*Provided data*:
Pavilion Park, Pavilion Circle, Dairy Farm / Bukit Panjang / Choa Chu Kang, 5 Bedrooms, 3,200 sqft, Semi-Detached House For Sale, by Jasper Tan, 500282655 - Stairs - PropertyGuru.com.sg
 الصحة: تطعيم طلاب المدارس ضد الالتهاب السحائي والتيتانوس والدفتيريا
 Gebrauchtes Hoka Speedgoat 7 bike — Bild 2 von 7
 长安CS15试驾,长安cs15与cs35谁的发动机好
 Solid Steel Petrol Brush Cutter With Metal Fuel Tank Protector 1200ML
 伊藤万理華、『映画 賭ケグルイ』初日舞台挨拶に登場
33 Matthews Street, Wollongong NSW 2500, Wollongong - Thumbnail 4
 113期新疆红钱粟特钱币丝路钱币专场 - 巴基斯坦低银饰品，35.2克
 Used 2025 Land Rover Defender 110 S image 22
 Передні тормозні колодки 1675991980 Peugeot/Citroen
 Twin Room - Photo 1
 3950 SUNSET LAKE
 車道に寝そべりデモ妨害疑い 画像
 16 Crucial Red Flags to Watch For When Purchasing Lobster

*Work request*:
Transcribe, without alteration, the line that contains "113期新疆红钱粟特钱币丝路钱币专场 - 巴基斯坦低银饰品，35.2克" together with all lines after it in the listing above.

*Answer to this problem*:
 113期新疆红钱粟特钱币丝路钱币专场 - 巴基斯坦低银饰品，35.2克
 Used 2025 Land Rover Defender 110 S image 22
 Передні тормозні колодки 1675991980 Peugeot/Citroen
 Twin Room - Photo 1
 3950 SUNSET LAKE
 車道に寝そべりデモ妨害疑い 画像
 16 Crucial Red Flags to Watch For When Purchasing Lobster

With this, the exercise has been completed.